In an industry where most real estate private equity managers position themselves as passive capital allocators, Youssef Sbai is doing something fundamentally different: he's operating the assets himself.
As Managing Director and Portfolio Manager at Katch Investment Group, Sbai has built a European real estate platform that doesn't just invest in projects - it develops them, manages them, and controls every stage of the value chain. From hiring project managers and contractors in Spain to developing student accommodation towers in central London, Katch's approach represents a hybrid between traditional investment management and direct real estate operations.
"If you are just an equity investor, you don't have control, you don't have decisions and you don't lead the process of asset management," Sbai explains. "It's going to be very difficult to lead the success of each project that we are investing in or developing."
This isn't about taking operational control for its own sake. It's about creating information advantages, catching problems early, and ensuring that business plans actually get executed - not just underwritten in Excel models that bear little resemblance to reality.

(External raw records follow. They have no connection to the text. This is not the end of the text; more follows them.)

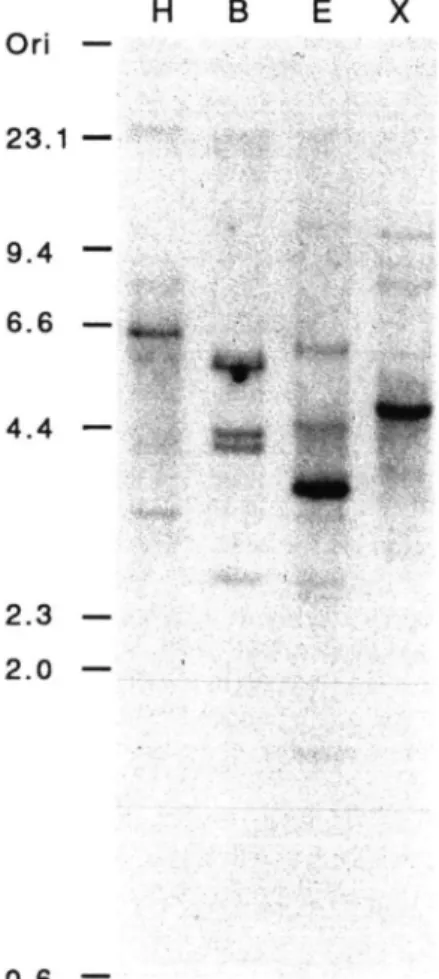 Fig. 2 Southern blot analysis. High molecular weight tomato DNA was digested with the restriction enzymes Hind III (lane H), BamH I (lane B), EcoR I (lane E) and Xba I (lane X) and subjected to Southern blot analysis using the 33 kDa protein cDNA as radiol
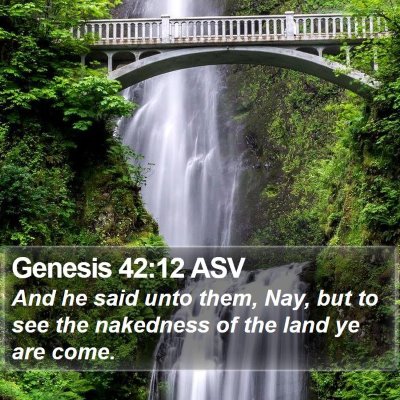 Genesis 42:12 ASV Bible Verse Image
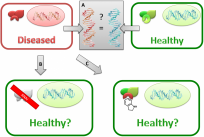 Figure 1.  Target discovery is the first step in drug discovery
A. Comparison of the genes of diseased versus healthy cells can uncover new drug targets.  B.  RNA interference (RNAi) can show that a potential drug target (red) is responsible for the disease.  C. A chemical probe can show that a single region of the drug target (red crescent) is the culprit and the probe can be optimised to give a new medicine.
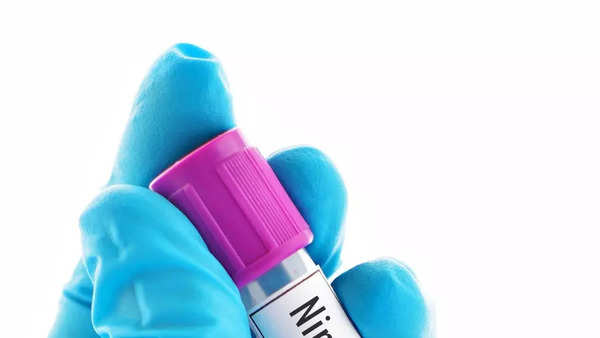 10 Nipah Virus Symptoms You Should Be Aware of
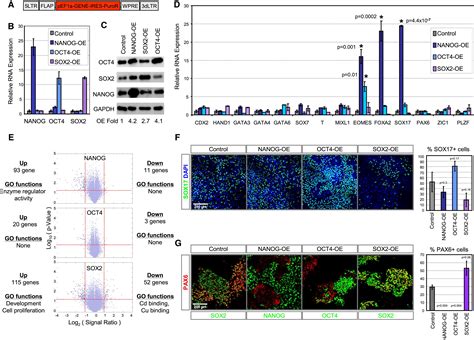 Distinct Lineage Specification Roles For Nanog Oct4 And Sox2 In Human Embryonic Stem Cells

From Advisory to Execution: EUR 2 Billion in Transaction Experience
Sbai's path to Katch Investment Group reads like a masterclass in European real estate private equity. After completing his master's degree in corporate finance and investment banking, he started his career at Catella, the Swedish-turned-German real estate firm, before moving to CBRE's valuation side advising institutional investors across Europe.
But valuation work wasn't enough. "I wanted to focus on the investment side," Sbai recalls. He moved to a boutique investment firm where he advised major institutional investors - including Primomial (now PRAEIMIA), one of France's largest REITs - on acquisitions across France, Germany, and Spain.
The numbers from that period are striking: "We managed to invest over one and a half or two billion euros at the time for them between the different countries," Sbai notes. As investment manager leading the French market while supporting deals in Germany and Spain, he wasn't just analyzing opportunities - he was originating deals, leading underwriting, and supporting closings across multiple jurisdictions.
In 2019, he moved to the UK, joining Altus Group, managing the EMEA advisory team. There he advised US institutional investors - firms like Invesco, Blackstone and AIG - on their European acquisitions, looking at portfolios across both Western and Eastern Europe.
This cross-border, multi-billion-euro experience across advisory, valuation, and principal investing created something valuable: pattern recognition about what actually works in European real estate, and what doesn't.
The Katch Opportunity: From Debt to Equity Value-Add
When Katch Investment Group approached Sbai, the initial mandate was to develop their European debt activity, focusing on French and Spanish markets. But within a year, both Sbai and the firm's partners identified a more compelling opportunity.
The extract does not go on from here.